Monday 25 March 2019

A bit of a nostalgic rant on recycling. And a weather forecast.

Just as we left Galicia to come back to the UK a few weeks ago, the supermarket next door to our flats stopped selling customers plastic carrier bags - 2 cĂ©ntimos for a small one and 3 for a large one if I remember rightly - and started using paper carrier bags instead. Rather nice looking brown paper bags they were. I was quite taken back to my childhood and youth when plastic bags were a thing of the future. 

As a student in the late sixties I had a briefcase of sorts but I rarely used it. Anyone of discernment bought a paper carrier bag, usually with some trendy design on it, and carried their books and files around in that until it fell apart. Well, the girls did anyway. I can’t for the life of me remember what the blokes did. Quite probably they carried battered brief cases. After all, nobody wanted to be seen with a brand new briefcase.

It’s rather like my old school satchel. At age 12 I was really proud of my smart new satchel, ideal for going to a new school. By the time I was 15 or 16 and my parents proposed getting me a smart briefcase I turned the offer down. By then my satchel was scratched and battered and had fallen apart and been stitched back together again more than once. It was perfect! I kept it going through sixth form as well.

I was less fortunate with my green school gabardine. When it was bought, brand new and several sizes too large so that it would last, it sort of drowned me. However, it kept me dry and warm and had a splendid hood for days when I wanted to hide the fact that I had forgotten my school beret. By the time I came to the end of fifth form it was worn and decrepit-looking, the prefect faded, louche item of clothing, worn with the belt cinched in as tight as possible.

So what did my mother do when I started sixth form?
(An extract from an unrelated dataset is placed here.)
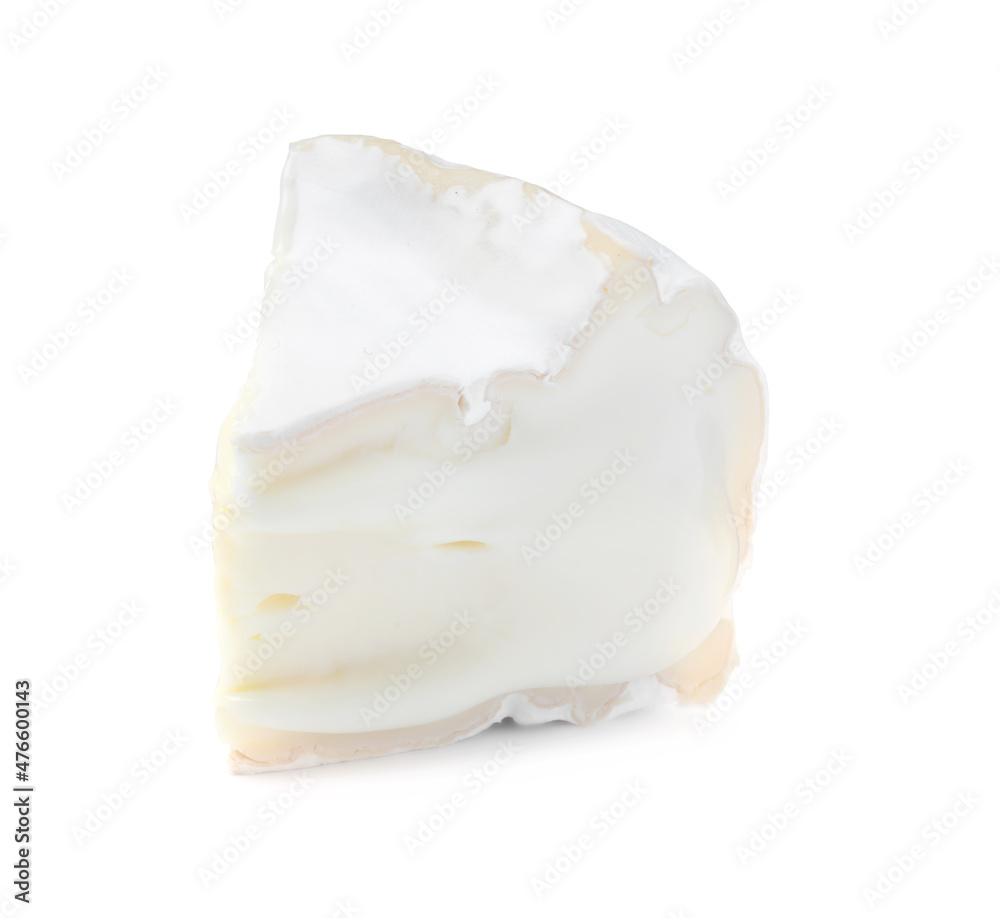 Piece of tasty brie cheese isolated on white Piece of tasty brie cheese isolated on white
She bought me a new gabardine, in the latest A-line fashion, no belt, no hood! I was bereft but she had been and spent money on it so I had to wear it!

But we knew how to recycle stuff before the word recycling had been in common parlance. Then along came all the plastic stuff, really useful and now ubiquitous - clogging up the oceans, poisoning the wildlife!
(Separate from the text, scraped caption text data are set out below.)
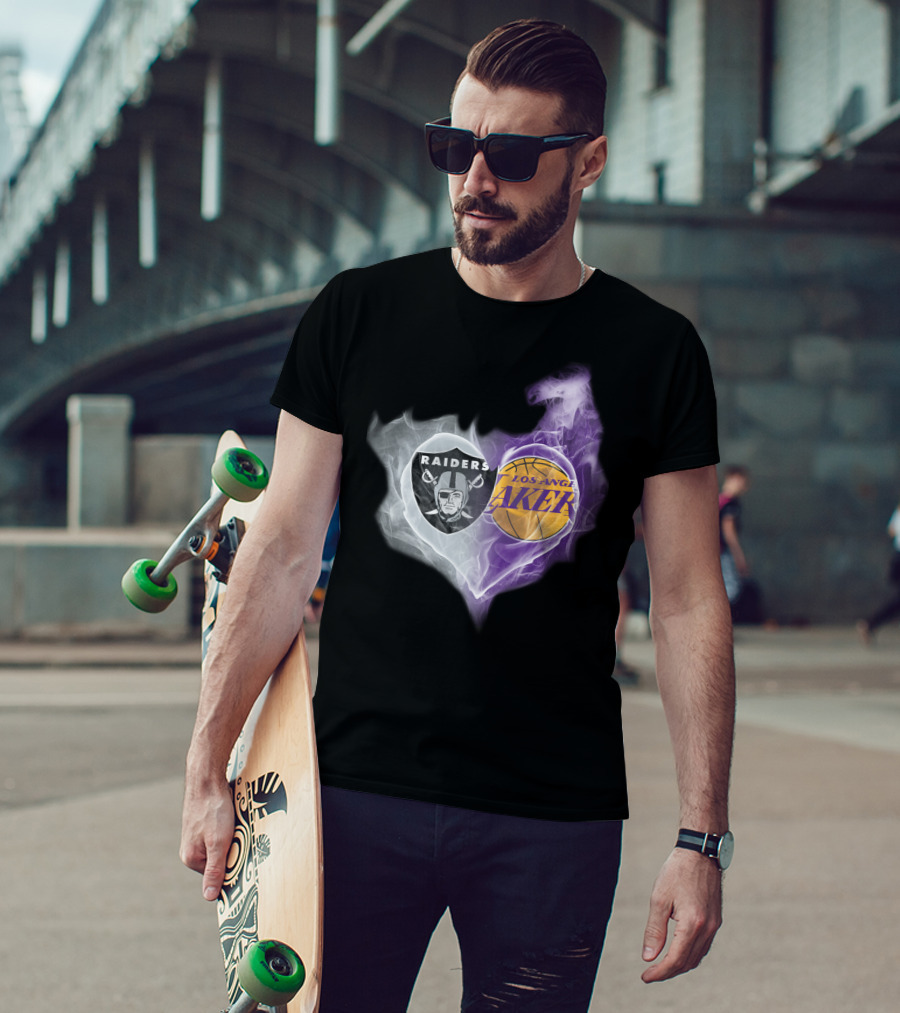 Raiders Los Angeles Lakers Heart Smoky Fusion T-Shirt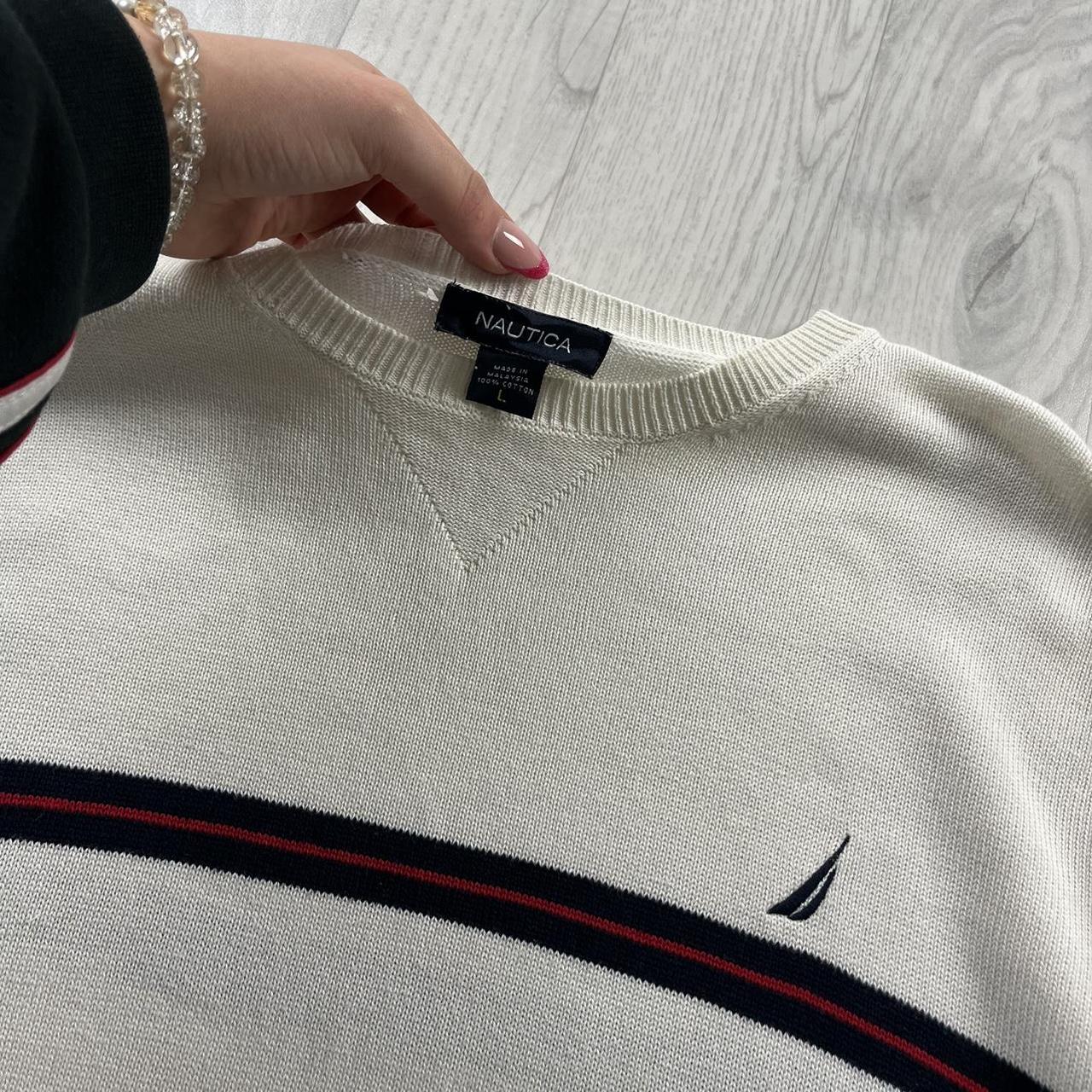 VINTAGE Y2K NAUTICA STRIPED KNITTED JUMPER CREAM
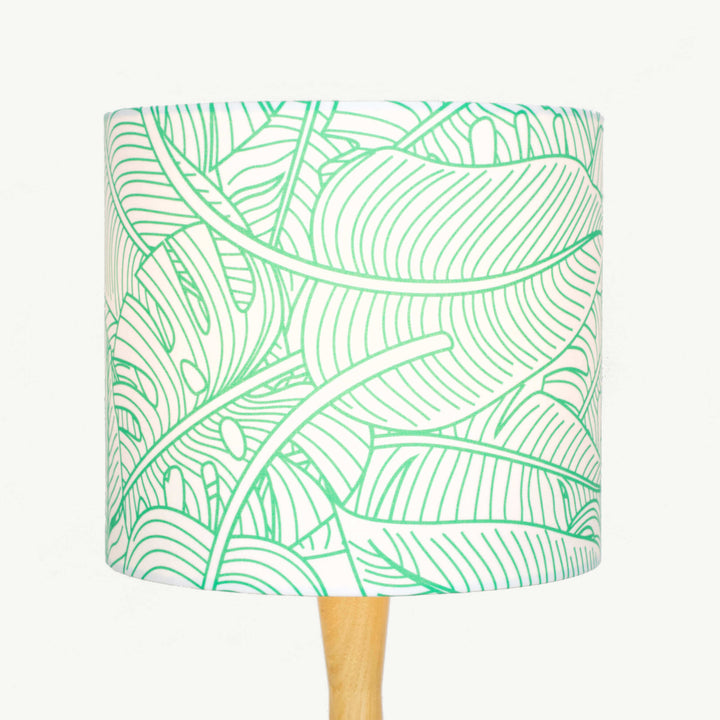 White and Green Monstera Leaf Lampshade - Tropikala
So, good for the Spanish supermarkets, say I!

And now Tesco is jumping on the bandwagon here, launching a trial to remove a selection of plastic-wrapped fruit and vegetable to cut down on packaging waste. In two of its stores, Tesco plans to run month-long pilot from Today, removing plastic packaging from 45 foods where loose alternatives are available. The items include apples, onions, mushrooms, peppers, bananas and avocados.
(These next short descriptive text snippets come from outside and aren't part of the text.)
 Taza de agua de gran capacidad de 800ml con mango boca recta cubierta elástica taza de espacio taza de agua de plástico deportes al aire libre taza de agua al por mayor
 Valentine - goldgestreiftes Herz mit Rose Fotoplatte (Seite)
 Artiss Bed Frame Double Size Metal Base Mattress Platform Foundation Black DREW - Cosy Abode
It’s only two stores but I suppose you have to start somewhere. After all, big supermarkets are responsible for producing more than 800,000 tonnes of plastic packaging waste each year. That’s a lot of plastic.

Sarah Bradbury, director of quality at Tesco, said: “We hope this trial proves popular with customers. We’ll be keeping a close eye on the results, including any impact on food waste.”

We have to do something to protect our environment.

We’ve been out and about today enjoying the local environment. It’s been a beautiful day, positively springlike.



And now a friend has sent me this little item from the Daily Mirror:-

 “Britain could see its hottest spring since records began with temperatures expected to soar well above average across the country through most of the season. The Met Office is predicting glorious weather for the three months until June starting with potentially record-breaking spring warmth this week. By Thursday most of the UK will experience temperatures in the high teens, and they could even hit 20C in places with prolonged periods of sunshine, say forecasters. Spring temperatures could hit 26C in April thanks to plumes of warm air from Africa, and the extended forecasts suggests summer could be hot and settled.”

Something odd is going on with our weather.

The same friend also sent me this bit of news: “Aldi is selling an inflatable budget hot tub just in time for summer”

 I wonder if he is dropping hints of some kind.